* _PROBLEM DETAILS_
Once you find the line with "Hink med murbruk" in the data that follows, repeat it and every line after it exactly, through the line with "年轻美丽的女人坐在卧室的床上 拿着吉他 用课本".

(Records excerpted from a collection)
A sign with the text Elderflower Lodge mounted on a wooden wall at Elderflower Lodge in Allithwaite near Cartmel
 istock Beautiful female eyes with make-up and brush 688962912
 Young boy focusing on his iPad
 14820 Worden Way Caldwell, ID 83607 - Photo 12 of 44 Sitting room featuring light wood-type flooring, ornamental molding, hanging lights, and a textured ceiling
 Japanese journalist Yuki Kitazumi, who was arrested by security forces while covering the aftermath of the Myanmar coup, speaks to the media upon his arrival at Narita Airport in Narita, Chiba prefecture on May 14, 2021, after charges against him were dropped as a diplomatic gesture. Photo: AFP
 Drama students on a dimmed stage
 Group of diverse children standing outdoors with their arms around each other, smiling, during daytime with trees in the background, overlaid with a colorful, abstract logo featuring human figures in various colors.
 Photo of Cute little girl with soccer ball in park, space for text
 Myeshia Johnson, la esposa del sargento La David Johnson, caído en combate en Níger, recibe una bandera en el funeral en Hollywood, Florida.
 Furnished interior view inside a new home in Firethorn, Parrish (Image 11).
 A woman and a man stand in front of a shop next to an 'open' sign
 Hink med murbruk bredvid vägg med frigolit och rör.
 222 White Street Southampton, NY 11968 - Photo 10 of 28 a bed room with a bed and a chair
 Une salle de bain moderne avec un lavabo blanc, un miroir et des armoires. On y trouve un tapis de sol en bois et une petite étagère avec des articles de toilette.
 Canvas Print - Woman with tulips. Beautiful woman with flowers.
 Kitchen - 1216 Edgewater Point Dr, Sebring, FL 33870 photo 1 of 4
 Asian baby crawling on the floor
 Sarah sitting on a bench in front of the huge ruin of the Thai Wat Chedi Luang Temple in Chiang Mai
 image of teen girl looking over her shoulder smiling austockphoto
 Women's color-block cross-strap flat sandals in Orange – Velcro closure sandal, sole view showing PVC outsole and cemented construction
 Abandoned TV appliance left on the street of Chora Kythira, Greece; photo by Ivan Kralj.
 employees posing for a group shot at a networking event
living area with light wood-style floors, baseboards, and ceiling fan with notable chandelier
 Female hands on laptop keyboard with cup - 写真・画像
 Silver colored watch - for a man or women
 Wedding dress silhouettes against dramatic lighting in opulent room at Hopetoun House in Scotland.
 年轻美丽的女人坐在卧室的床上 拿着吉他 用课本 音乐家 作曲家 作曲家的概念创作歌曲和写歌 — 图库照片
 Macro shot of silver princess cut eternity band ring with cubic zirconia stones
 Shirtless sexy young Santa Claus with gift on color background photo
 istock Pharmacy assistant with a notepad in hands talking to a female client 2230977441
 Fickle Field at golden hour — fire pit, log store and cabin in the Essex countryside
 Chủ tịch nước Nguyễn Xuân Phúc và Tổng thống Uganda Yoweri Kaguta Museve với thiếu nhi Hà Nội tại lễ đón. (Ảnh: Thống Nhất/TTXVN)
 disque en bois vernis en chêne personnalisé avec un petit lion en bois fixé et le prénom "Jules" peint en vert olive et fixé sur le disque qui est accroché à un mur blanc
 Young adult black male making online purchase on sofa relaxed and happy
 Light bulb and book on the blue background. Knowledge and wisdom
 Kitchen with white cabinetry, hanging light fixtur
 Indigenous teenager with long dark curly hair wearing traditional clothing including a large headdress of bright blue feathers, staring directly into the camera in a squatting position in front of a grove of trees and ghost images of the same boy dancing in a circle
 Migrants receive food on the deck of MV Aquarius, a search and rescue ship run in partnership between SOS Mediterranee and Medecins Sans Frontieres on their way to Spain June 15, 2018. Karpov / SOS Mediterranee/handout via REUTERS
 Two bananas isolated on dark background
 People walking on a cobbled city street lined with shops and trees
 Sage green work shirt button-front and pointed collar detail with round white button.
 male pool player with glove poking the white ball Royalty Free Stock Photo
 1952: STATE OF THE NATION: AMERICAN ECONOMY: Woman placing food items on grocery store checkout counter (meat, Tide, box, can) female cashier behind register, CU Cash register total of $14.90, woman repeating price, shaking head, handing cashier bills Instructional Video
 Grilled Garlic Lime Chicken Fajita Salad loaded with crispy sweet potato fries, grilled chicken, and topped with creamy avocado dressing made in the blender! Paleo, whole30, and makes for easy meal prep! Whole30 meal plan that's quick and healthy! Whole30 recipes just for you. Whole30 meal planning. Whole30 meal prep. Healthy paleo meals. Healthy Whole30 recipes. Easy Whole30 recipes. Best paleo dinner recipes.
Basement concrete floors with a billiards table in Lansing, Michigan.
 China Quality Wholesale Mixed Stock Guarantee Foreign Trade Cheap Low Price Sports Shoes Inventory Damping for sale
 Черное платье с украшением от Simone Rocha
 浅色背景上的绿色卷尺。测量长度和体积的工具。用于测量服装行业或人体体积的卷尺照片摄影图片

* _TASK SOLUTION_
 Hink med murbruk bredvid vägg med frigolit och rör.
 222 White Street Southampton, NY 11968 - Photo 10 of 28 a bed room with a bed and a chair
 Une salle de bain moderne avec un lavabo blanc, un miroir et des armoires. On y trouve un tapis de sol en bois et une petite étagère avec des articles de toilette.
 Canvas Print - Woman with tulips. Beautiful woman with flowers.
 Kitchen - 1216 Edgewater Point Dr, Sebring, FL 33870 photo 1 of 4
 Asian baby crawling on the floor
 Sarah sitting on a bench in front of the huge ruin of the Thai Wat Chedi Luang Temple in Chiang Mai
 image of teen girl looking over her shoulder smiling austockphoto
 Women's color-block cross-strap flat sandals in Orange – Velcro closure sandal, sole view showing PVC outsole and cemented construction
 Abandoned TV appliance left on the street of Chora Kythira, Greece; photo by Ivan Kralj.
 employees posing for a group shot at a networking event
living area with light wood-style floors, baseboards, and ceiling fan with notable chandelier
 Female hands on laptop keyboard with cup - 写真・画像
 Silver colored watch - for a man or women
 Wedding dress silhouettes against dramatic lighting in opulent room at Hopetoun House in Scotland.
 年轻美丽的女人坐在卧室的床上 拿着吉他 用课本 音乐家 作曲家 作曲家的概念创作歌曲和写歌 — 图库照片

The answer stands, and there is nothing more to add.